Investigating the role of RNA binding proteins in the neglected tropical pathogen Burkholderia pseudomallei

Project offered for Ker Memorial PhD Studentship in Infectious Diseases

Burkholderia pseudomallei is the causative agent of melioidosis, a neglected tropical disease that can manifest as an acute infection with high mortality rates or lay dormant as a chronic infection with the potential to reactivate decades later. Infection can occur through inhalation or ingestion of the bacteria or through skin abrasions, resulting in a wide range of symptoms including localized skin ulcers, pneumonia, or systemic septicemia. B. pseudomallei demonstrates extraordinary antimicrobial resistance and there is no available vaccine, limiting our ability to prevent and treat this disease. To better understand this important human pathogen and aid in the development of new therapeutics, we have performed a large-scale genetic screen of B. pseudomallei mutants in a mouse model to identify genes required for infection. One of the genes identified and confirmed to be important for bacterial virulence is the putative RNA binding protein (RBP) Tex (bpls1527I). RBPs have recently emerged as important mediators of bacterial gene expression, regulating many processes important to pathogenesis and infection. Understanding the role of Tex in B. pseudomallei virulence could help shed important insight into the role of RNA binding proteins in melioidosis and help inform the development of new strategies to treat this deadly disease. This PhD project will address the following research questions:

1)    What aspects of pathogenesis are regulated by Tex RPBs? The student will utilize three-dimensional tissue culture models of the human lung developed in the Moule lab to characterize the phenotypes of Tex mutants and determine the role of Tex in bacterial virulence

2)    How does Tex influence the expression of bacterial virulence factors? – The RNA binding sites of Tex will be identified using a technique developed in the Granneman lab known as UV cross-linking and analysis of cDNA (CRAC) to determine what genes in the host and pathogen are regulated by this RBP. Highly enriched mRNA binders will be further characterised in vitro using biochemical and biophysical approaches. Network analysis of the data will inform us how gene expression is impacted by Tex and how this influences virulence.

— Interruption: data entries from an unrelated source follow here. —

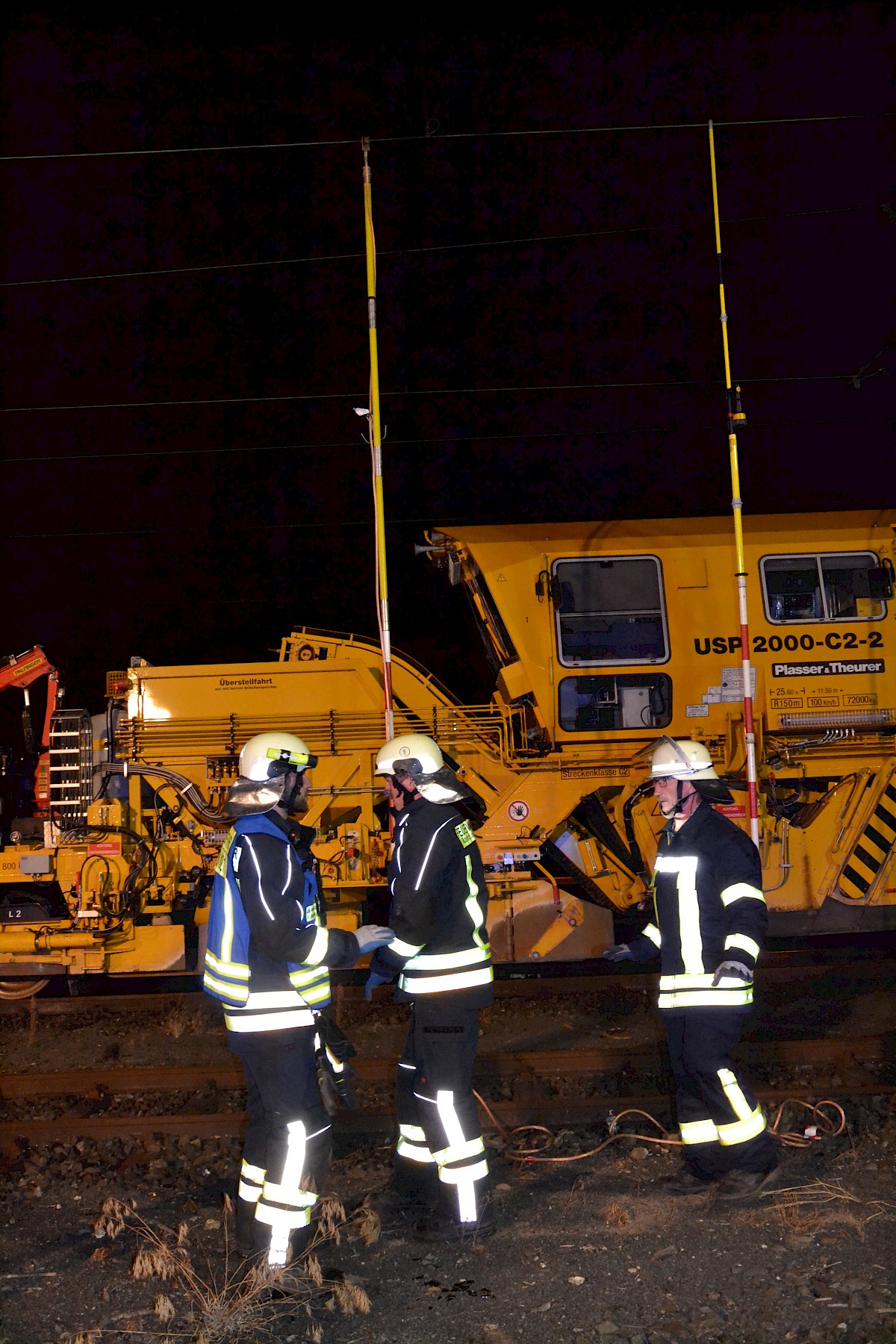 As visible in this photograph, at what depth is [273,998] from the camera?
3.89 metres

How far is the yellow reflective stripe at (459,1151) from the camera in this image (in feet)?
13.8

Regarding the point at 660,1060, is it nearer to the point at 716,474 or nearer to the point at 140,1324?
the point at 140,1324

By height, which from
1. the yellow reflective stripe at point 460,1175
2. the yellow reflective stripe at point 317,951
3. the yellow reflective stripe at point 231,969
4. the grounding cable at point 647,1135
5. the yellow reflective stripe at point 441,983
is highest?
the yellow reflective stripe at point 317,951

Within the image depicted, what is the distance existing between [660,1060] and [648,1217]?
1.81 meters

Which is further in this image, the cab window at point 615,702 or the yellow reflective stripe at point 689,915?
the cab window at point 615,702

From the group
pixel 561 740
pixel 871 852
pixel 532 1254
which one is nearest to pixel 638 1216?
pixel 532 1254

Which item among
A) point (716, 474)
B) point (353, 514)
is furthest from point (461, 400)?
point (716, 474)

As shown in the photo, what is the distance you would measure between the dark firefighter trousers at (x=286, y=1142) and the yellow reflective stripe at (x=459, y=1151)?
53cm

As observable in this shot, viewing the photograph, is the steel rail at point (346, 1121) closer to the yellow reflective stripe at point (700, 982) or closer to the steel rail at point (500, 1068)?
the steel rail at point (500, 1068)

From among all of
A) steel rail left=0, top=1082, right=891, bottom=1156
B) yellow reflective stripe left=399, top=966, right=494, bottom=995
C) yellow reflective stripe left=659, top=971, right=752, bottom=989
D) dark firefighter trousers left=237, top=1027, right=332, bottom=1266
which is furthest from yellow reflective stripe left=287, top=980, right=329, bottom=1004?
steel rail left=0, top=1082, right=891, bottom=1156

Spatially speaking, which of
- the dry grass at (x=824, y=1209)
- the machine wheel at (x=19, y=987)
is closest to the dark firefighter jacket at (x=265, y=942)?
the dry grass at (x=824, y=1209)

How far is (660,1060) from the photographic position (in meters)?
6.07

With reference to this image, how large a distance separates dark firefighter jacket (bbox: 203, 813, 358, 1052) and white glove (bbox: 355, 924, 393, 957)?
0.50ft

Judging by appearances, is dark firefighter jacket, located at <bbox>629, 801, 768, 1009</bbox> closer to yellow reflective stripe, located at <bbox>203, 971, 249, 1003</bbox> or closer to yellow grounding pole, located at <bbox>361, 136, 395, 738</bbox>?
yellow reflective stripe, located at <bbox>203, 971, 249, 1003</bbox> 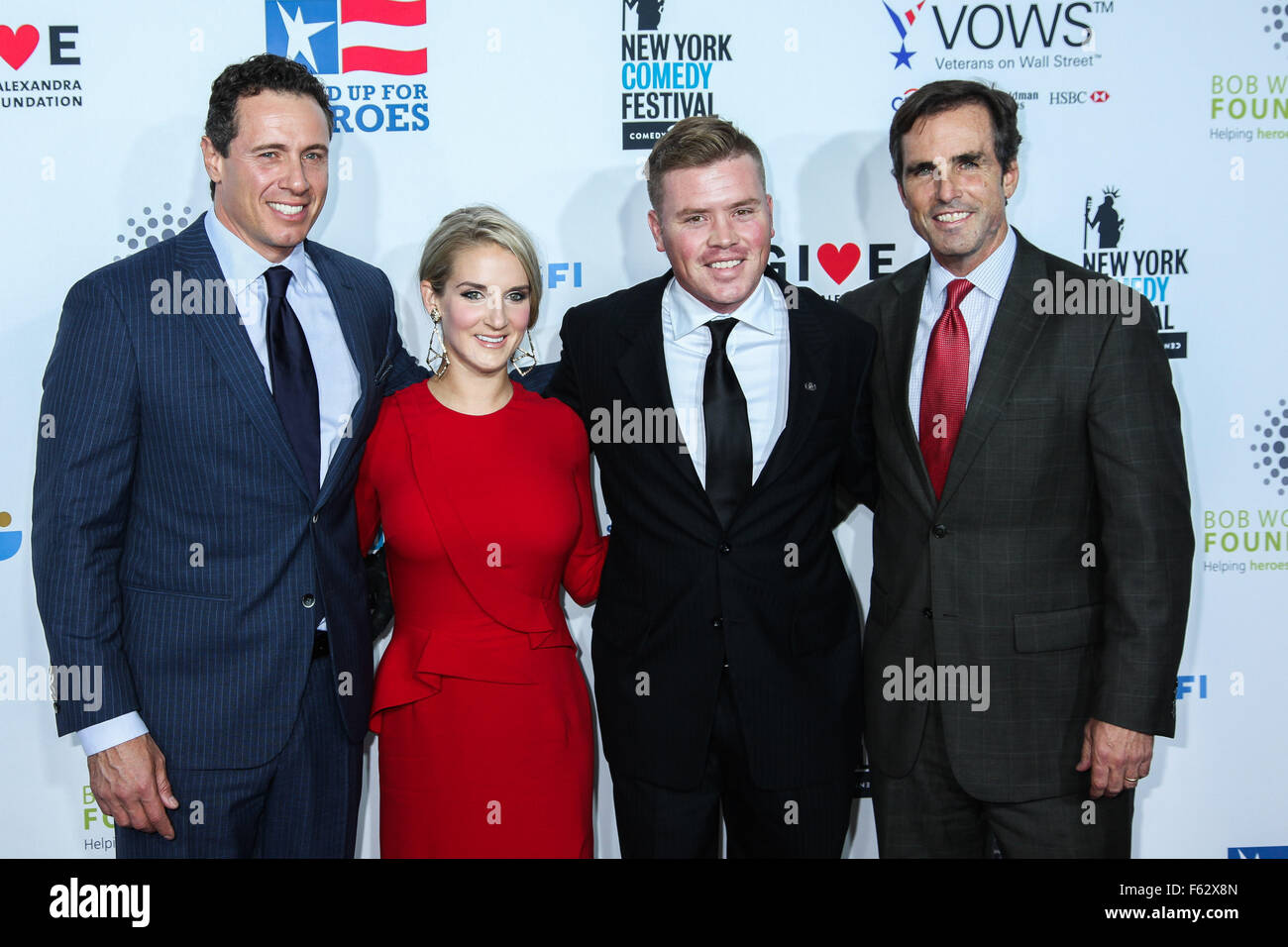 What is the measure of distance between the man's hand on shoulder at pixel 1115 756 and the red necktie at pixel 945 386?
682 mm

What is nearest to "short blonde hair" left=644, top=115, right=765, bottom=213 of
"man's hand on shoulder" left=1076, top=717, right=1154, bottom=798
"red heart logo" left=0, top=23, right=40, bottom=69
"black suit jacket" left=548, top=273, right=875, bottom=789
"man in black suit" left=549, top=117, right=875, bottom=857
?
"man in black suit" left=549, top=117, right=875, bottom=857

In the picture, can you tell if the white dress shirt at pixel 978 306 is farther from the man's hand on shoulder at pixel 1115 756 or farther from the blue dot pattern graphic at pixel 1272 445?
the blue dot pattern graphic at pixel 1272 445

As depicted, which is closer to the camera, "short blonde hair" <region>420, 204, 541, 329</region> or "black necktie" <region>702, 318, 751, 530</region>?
"black necktie" <region>702, 318, 751, 530</region>

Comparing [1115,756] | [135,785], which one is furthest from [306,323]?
[1115,756]

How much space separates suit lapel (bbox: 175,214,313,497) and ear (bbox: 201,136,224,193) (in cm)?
25

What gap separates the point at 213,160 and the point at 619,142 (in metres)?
1.25

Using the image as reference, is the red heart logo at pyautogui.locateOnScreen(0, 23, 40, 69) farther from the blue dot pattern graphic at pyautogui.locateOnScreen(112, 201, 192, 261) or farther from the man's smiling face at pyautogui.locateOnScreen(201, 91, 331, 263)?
the man's smiling face at pyautogui.locateOnScreen(201, 91, 331, 263)

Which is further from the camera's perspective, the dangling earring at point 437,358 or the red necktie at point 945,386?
the dangling earring at point 437,358

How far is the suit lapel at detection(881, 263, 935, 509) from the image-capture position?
8.44 ft

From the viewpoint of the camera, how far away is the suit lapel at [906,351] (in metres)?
2.57

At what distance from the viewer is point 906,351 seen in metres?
2.68

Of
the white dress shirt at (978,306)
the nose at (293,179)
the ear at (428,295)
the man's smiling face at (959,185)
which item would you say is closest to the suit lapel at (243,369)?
the nose at (293,179)

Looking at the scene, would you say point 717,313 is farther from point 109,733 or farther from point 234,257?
point 109,733

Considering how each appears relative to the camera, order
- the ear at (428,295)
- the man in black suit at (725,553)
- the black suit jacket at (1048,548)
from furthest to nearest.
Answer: the ear at (428,295), the man in black suit at (725,553), the black suit jacket at (1048,548) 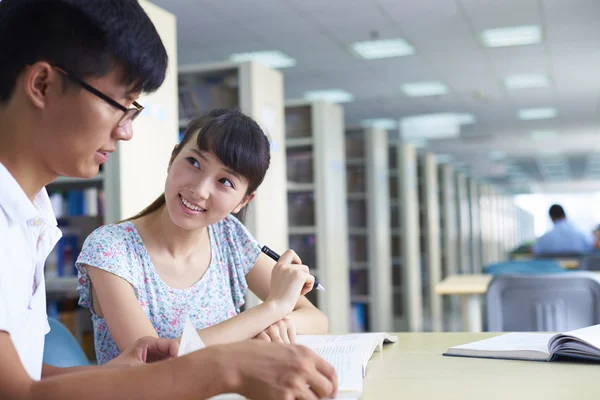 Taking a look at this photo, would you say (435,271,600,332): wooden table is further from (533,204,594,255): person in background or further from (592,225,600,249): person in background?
(592,225,600,249): person in background

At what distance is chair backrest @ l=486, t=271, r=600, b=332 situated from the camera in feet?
8.47

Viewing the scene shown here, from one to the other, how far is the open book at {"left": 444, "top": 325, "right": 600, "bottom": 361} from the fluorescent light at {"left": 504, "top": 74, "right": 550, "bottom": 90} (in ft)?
24.6

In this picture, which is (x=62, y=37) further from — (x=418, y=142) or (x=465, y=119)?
(x=418, y=142)

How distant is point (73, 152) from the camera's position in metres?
0.83

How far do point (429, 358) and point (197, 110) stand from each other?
2998 millimetres

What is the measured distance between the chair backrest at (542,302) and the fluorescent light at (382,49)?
4343mm

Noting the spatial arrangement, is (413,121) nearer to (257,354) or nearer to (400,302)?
(400,302)

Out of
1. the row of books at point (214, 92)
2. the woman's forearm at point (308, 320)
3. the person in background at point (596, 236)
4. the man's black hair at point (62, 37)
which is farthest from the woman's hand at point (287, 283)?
the person in background at point (596, 236)

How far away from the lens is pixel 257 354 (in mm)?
756

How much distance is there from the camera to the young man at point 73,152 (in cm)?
74

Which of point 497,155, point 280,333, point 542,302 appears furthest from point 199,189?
point 497,155

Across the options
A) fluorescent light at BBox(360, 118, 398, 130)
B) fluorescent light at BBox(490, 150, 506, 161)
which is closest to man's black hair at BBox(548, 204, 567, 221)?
fluorescent light at BBox(360, 118, 398, 130)

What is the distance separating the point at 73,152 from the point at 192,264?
74 cm

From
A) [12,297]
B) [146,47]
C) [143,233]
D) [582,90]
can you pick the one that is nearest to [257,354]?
[12,297] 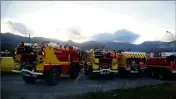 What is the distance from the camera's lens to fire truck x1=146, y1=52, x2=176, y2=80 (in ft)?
75.0

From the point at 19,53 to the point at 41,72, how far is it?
2.11 metres

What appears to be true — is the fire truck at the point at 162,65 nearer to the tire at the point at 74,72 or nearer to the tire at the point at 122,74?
the tire at the point at 122,74

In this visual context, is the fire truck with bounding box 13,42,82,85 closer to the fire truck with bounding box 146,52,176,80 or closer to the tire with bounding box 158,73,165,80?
the fire truck with bounding box 146,52,176,80

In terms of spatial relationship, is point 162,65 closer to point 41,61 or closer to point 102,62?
point 102,62

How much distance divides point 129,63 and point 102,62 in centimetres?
278

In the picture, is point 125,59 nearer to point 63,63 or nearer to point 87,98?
point 63,63

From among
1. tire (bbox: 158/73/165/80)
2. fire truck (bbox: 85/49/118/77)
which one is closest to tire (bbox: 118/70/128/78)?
fire truck (bbox: 85/49/118/77)

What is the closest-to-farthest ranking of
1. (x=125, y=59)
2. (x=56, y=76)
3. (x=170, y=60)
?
(x=56, y=76)
(x=170, y=60)
(x=125, y=59)

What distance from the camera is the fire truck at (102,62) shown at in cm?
2334

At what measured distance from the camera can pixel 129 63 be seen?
25.3 m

3)    How does Tex binding to individual RNAs impact infection? Target RNAs and RBP binding sites identified by CRAC will be mutated to characterize their infection phenotypes, confirming the role of this novel pathogenesis strategy infection

By identifying the mode of action of the Tex RBP, this project will identify key factors controlling the pathogenesis of this important human disease and help inform the development of new antimicrobials targeting bacterial RBPs to combat the global threat of AMR.

Lab websites

https://www.ed.ac.uk/profile/dr-maddie-moule

https://sandergranneman.bio.ed.ac.uk

Training and skills development

This collaborative project will provide a student with the opportunity to develop interdisciplinary laboratory skills. Some of the techniques that the student will be trained in will include handling Category 2 bacterial pathogens, mammalian cell culture, construction and infection of three- dimensional models, confocal microscopy, molecular cloning, SDS page, PCR, RNA isolation, Illumina sequencing, in vitro analysis of protein-RNA interactions and bioinformatic data analysis of mass-spectrometry and high-throughput sequencing data

Furthermore, the student will also be given the opportunity to develop their writing and communication skills through the production of scientific manuscripts and the opportunity to regularly present their findings at lab meetings and academic conferences. The student will also be encouraged to participate in public engagement opportunities and networking events to develop their potential as a well-rounded scientist.